SEM46 is a seismic full waveform modelling and inversion code developed at Universite Grenoble Alpes. It aims to provide high resolution 3D models of the subsurface physical properties, from active seismic recordings. Such models can then be interpreted as geological formations, rock types, reservoirs and/or fluid content, in order to evaluate resources quantities and monitor production. 

SEM46 is formulated on a finite-(spectral)element method, which allows to naturally handle complex topography and bathymetry, in order to tackle the difficulties of subsurface characterization for complex onshore, shallow and deep-offshore targets. In the frame of the ENERXICO project, SEM46 will be used in geophysical forward modelling to simulate seismic wave in complex setting, in comparison with ExaHype, SeisSol and BSIT. SEM46 will also be compared to BSIT for seismic inversion.

The audit of SEM46 shows very good efficiencies for both input cases (small and big). The analysis identified that the weakest factor is a relatively low IPC. That should be the main target for optimizations of the code. Then at large scale executions, an improvement of the synchronisation of MPI should have to be managed (reducing unnecessary MPI-barrier calls).

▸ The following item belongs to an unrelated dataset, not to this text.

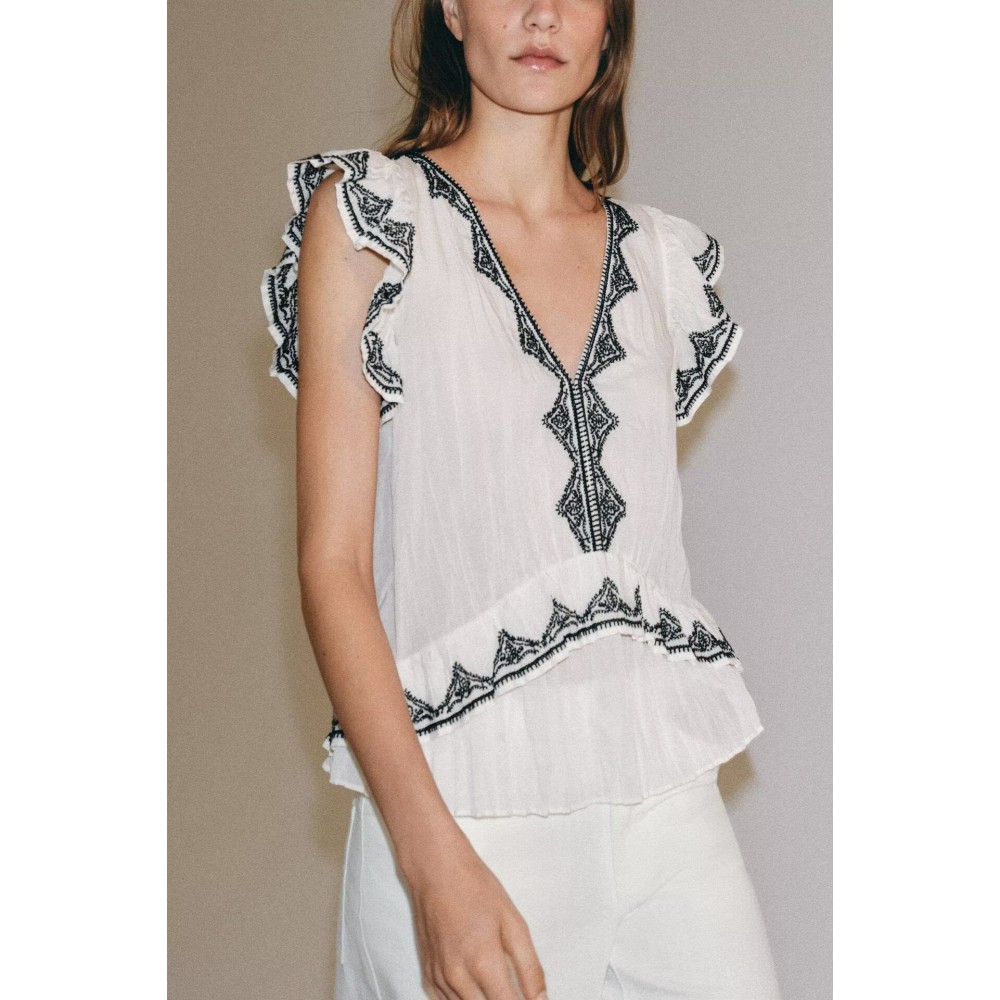 Women Clothing Summer Fashionable Elegant Contrast Color Embroidered Top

ENERXICO has started to optimize the code.

SeisSol is a software package for simulating wave propagation and dynamic rupture based on the arbitrary high-order accurate derivative discontinuous Galerkin method (ADER-DG). Characteristics of the SeisSol simulation software are:
    • use of tetrahedral meshes to approximate complex 3D model geometries (faults & topography) and rapid model generation
    • use of elastic, viscoelastic and viscoplastic material to approximate realistic geological subsurface properties.

SeisSol is already well optimised for current Intel architectures.  However, it is important to know its behaviour on top of AMD and ARM components. Optimisations may have to be forecasted to better suit to these new HPC architectures now on the market, so that this code may still be used with optimal performance.  Optimisations are already planned as SeisSol's features will be extended in order to include more sophisticated and realistic material models: the aim consists of keeping high performance and scaling properties. 

Initial results of ENERXICO´s optimisation tasks will be presented in a report on intranode and multi-node optimisations for HPC codes. This intermediate milestone will allow to share the partners´ methodology, improvements (speedup) reached. 

A final report on enabling computational and energy efficient codes for the exascale is also planned. It will gather all the results, review  performance measurements and improvements related to computational and energy efficiency bottlenecks in HPC codes to exploit exascale capabilities.